There are a lot of confusions

*1) **FreeBSD kernel module ext2fs*

Since FreeBSD 12, FreeBSD is "theoretically" able to mount in RW ext2, ext3, ext4 using the kernel module ext2fs which is a generic module for all ext class filesystems.
It is true that FreeBSD is unable to differentiate which version of ext it is

Using `files -s /dev/...` or `fstyp /dev/...` will only report ext2 class linux filesystem under FreeBSD
The same `file` command under Linux will not send the same result, it will send the exact version of ext

I have tested on my FreeBSD system and confirm again that point.
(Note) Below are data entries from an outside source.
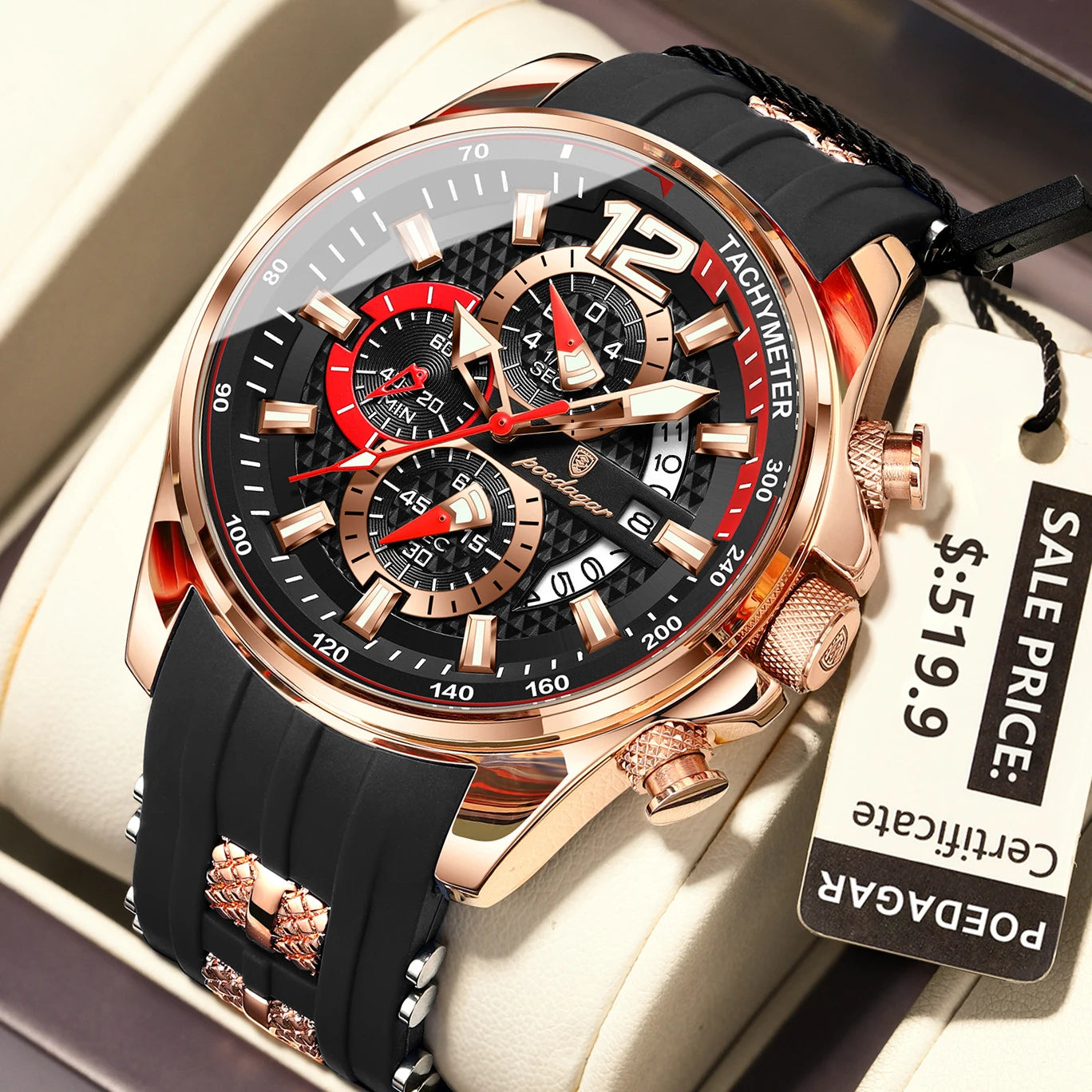 Chronograph Sport Watch – Large Arabic Dial with Silicone Strap & Full Calendar
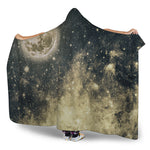 Full Moon And Night Stars Print Hooded Blanket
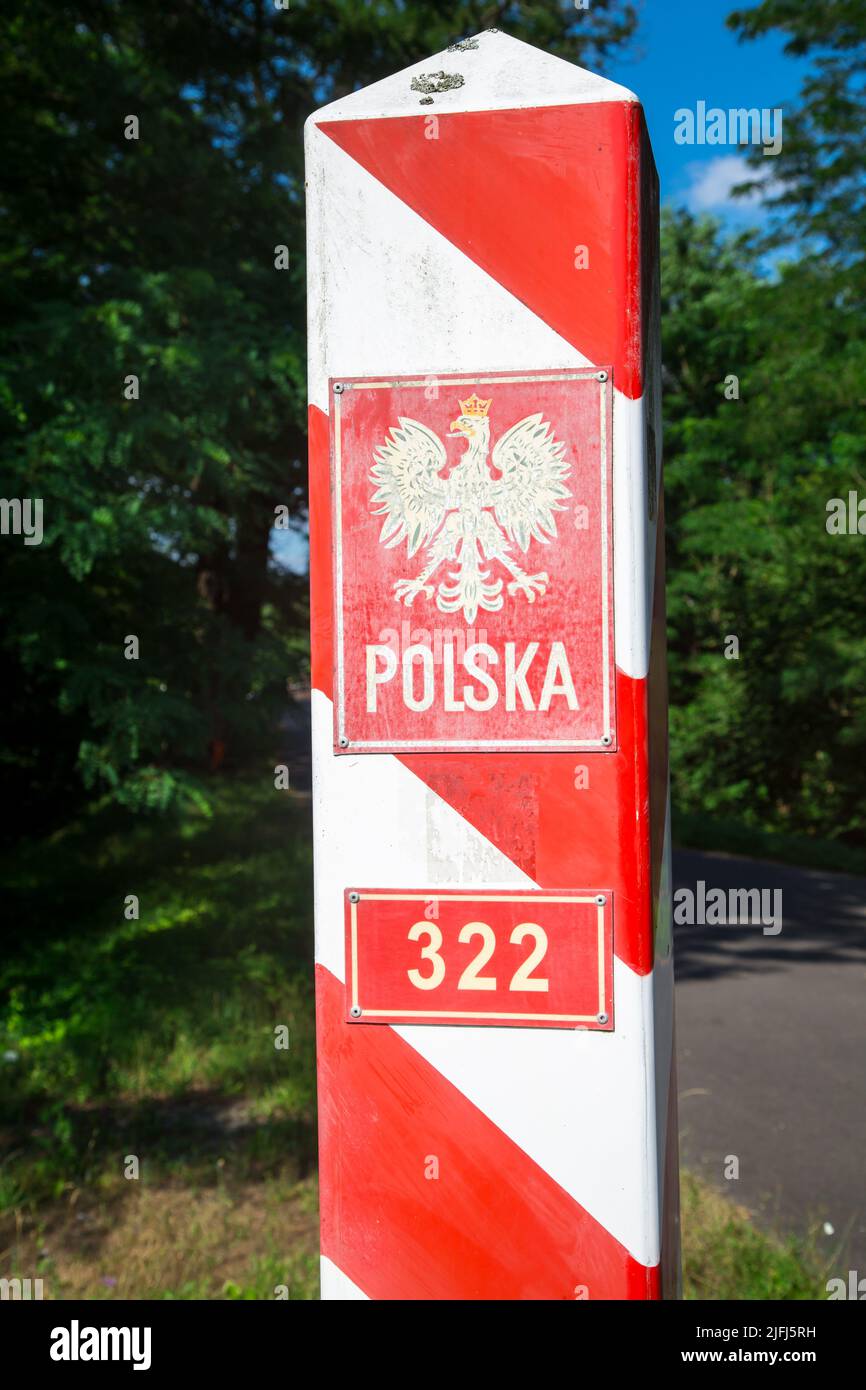 Grenzposten an der Grenze zwischen Deutschland und Polen, oder-Neiße-Radweg, Lausitz, Brandenburg, Deutschland Stockfoto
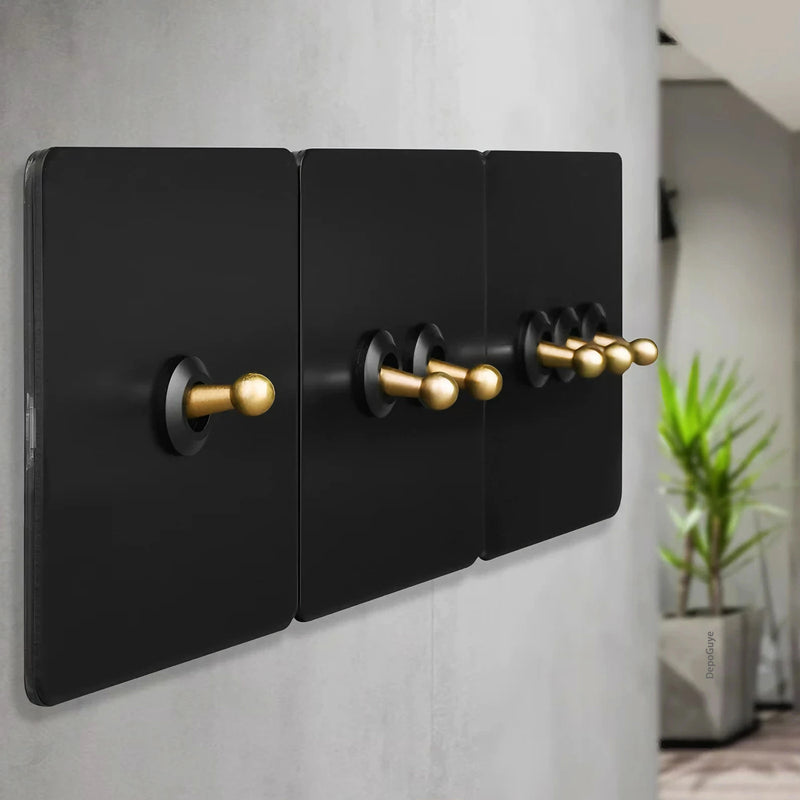 Stainless Steel Panel Retro Toggle Light Switch Gold/Black/White Wall Lamp Brass Lever EU UK Standard 1-4Gang Home Decoration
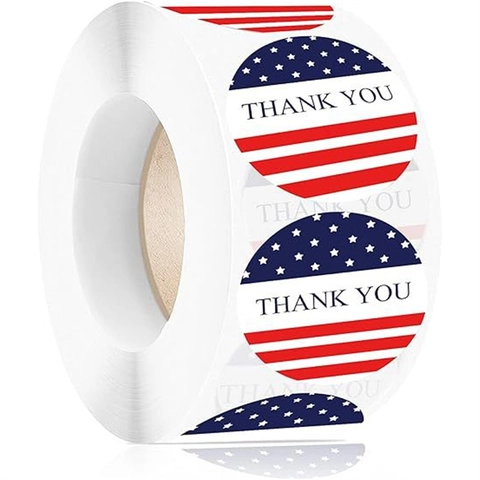 USA Unabhängigkeitstag Amerikanische Flagge Rund Thank You Aufkleber Rolle 1 Zoll Sterne Und Streifen Versiegelungsetiketten Für Geschenkverpackung Umschlag Business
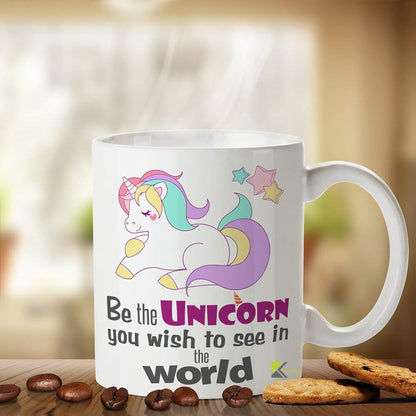 Kruzroyal Unicorn Mug, Be The Unicorn You Wish to See in The World, Funny Novelty Gift Tea Coffee Cup for Women Girls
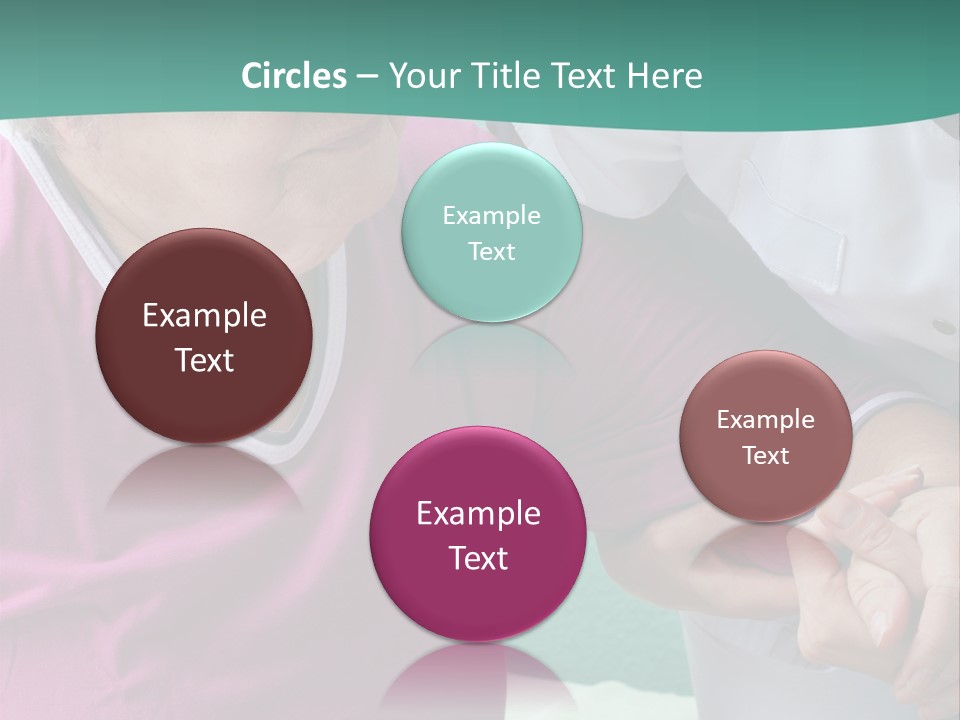 A Woman In A Pink Shirt And A Woman In A White Shirt Are Looking At PowerPoint Template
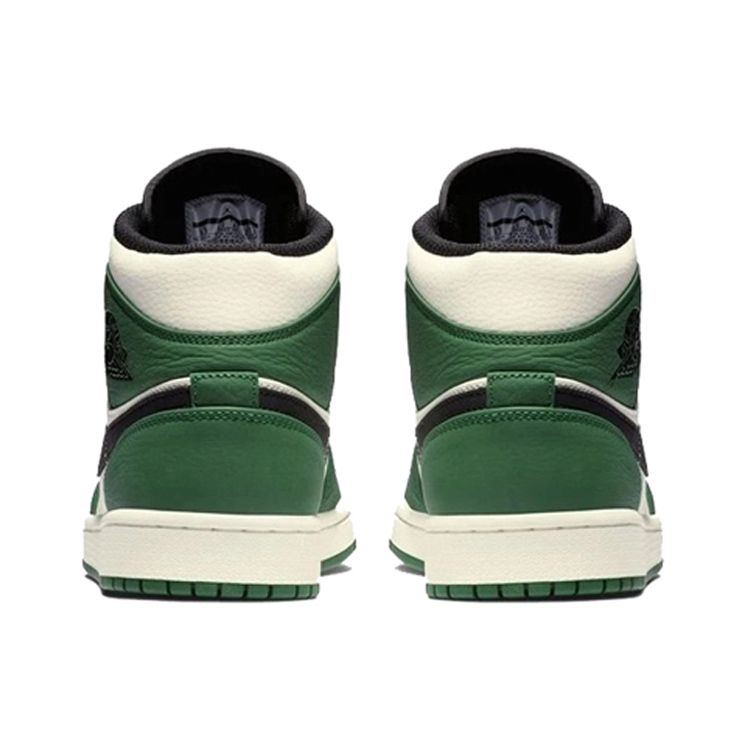 Мужские кроссовки Air Jordan 1 Mid Pine Green Sail-Black 852542-301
YOU CAN'T RELY on theses commands to guess the filesystem type
Moreover, xfs, btrfs,reiserfs won't be detected at all.
To define the exact linux filesystem, one must use linux `blkid` included in the package sysutils/e2fsprogs

So using the FreeBSD kernel module, there is no need to install a fuse port, just the need to load the kernel module that in most case should auto load. We mount the partition with a simple command

`mount -t ext2fs -o rw /dev/... /mountpoint`

The option "allow-other" is not available because "allow-other" is a fuse option.
In this case we don't use fuse.

*But* : it is not recommended to use FreeBSD kernel module to mount ext3/ext4 in RW mode and in most of case mounting fails. ext2fs kernel module only handles correctly Ext2 in RW mode (that was already the case long time ago now ) .

- FreeBSD kernel module doesn't support EXT3/4 journaling. As long as journaling is activated on ext3/ext4 (which is the behavior by default on this class of filesystem, as opposed to ext2 which has no journalization option), it is not recommended to use FreeBSD kernel module. And even if you deactivate journaling, reconnecting this media on a Linux machine, and Linux tends to reactivate the journal.

- In most of case mounting operations terminate with an error if a journal is present . If the filesystem is not flagged clean (such thing happens often when media hasn't been disconnected cleanly), it is required to replay the ext3/ext4 journal before mounting to reflag the filesystem as clean. FreeBSD is unable to do that by default. If no journal is present, it seems that FreeBSD can mount ext3/ext4 filesystem even if the filesystem is marked "unclean". This may be potentially dangerous....

Repairing and reflagging to clean state can only be done by the Linux program `e2fsck` also included in the e2fsprogs package.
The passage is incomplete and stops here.